Entretanto, se a arte nunca está muito
distante da realidade, parece haver uma certa distinção – a melhor
palavra talvez fosse “desproporção” – entre o que se dá com as artes
decorativas (e falo aqui da pintura e da escultura) e as artes
descritivas (sobretudo o romance e o teatro). Enrico Ferri (1856-1929),
em seu “Os criminosos na arte e na literatura” (Ricardo Lenz Editor,
2001), passando em revista o mundo artístico dos “tipos criminosos”,
categoricamente afirma: “é sua maior frequência nas artes descritivas –
literatura ou drama – do que nas artes decorativas – pintura e
escultura”. Sendo que, “em cem quadros (e a proporção é ainda menor para
as estátuas), não há mais do que um ou dois tendo um criminoso por
assunto principal ou por figura de segundo plano; enquanto que, em cem
dramas ou comédias (a proporção é ainda maior que a proporção para os
romances), não há menos de noventa, cujo enredo não contenha um ou mais
crimes”. E lembra que, um quadro como “O assassino perseguido pela
vingança da justiça”, de Proudhon, em exposição do Louvre, é algo bem
raro.
Ferri aponta duas razões para tanto.
Em primeiro
lugar – e aqui repito as suas palavras um tanto poéticas –, “o pincel e o
cinzel se recusam a imobilizar um ato tão repugnante como é o crime e
que, por isso, nossos artistas, constrangidos a se curvarem ao gosto do
público, ou ao menos àquele de seus clientes prováveis, escolhem os
temas de quadros ou estátuas suscetíveis de agradar ao mundano, ao
comercialmente enriquecido e à aristocrata de raça.
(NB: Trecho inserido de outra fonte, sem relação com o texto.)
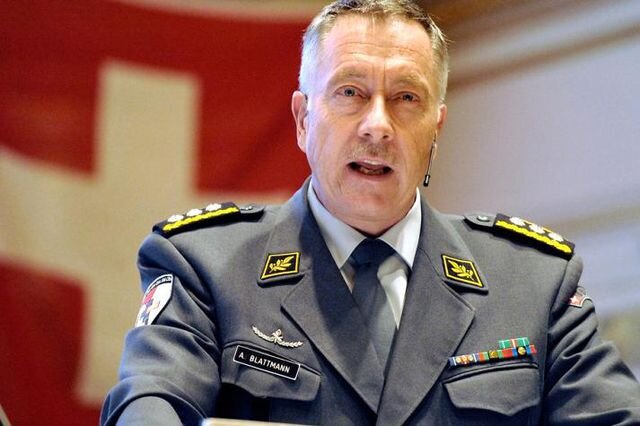 Глава Швейцарской армии Андрэ Блатман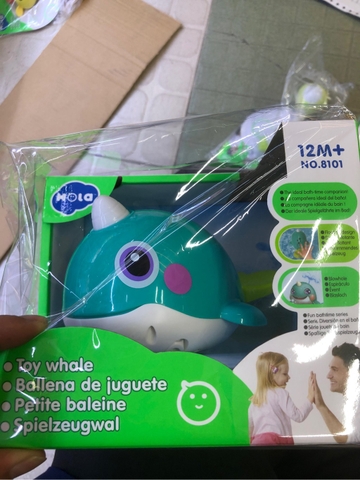 đồ chơi cá voi bơi dưới nước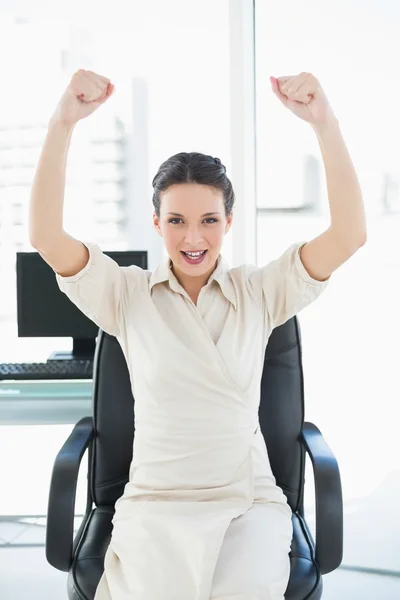 Animando elegante morena empresária levantando os braços — Fotografia de Stock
Ora, a imagem do
crime é banida dos boudoirs elegantes e das salas de refeição
principescas onde ela poderia gelar os sorrisos na esgrima do amor e
arruinar digestões já laboriosas”.
Em segundo lugar, afirma
Ferri: “se a pintura e, com mais forte razão, a escultura evitam a
figuração do criminoso, é que uma e outra, sobretudo a escultura por
causa do número sempre restrito de corpos modeláveis, não podem
imobilizar senão um momento da vida de uma ou de várias pessoas. A
instantaneidade da expressão opõe-se à representação estética do crime.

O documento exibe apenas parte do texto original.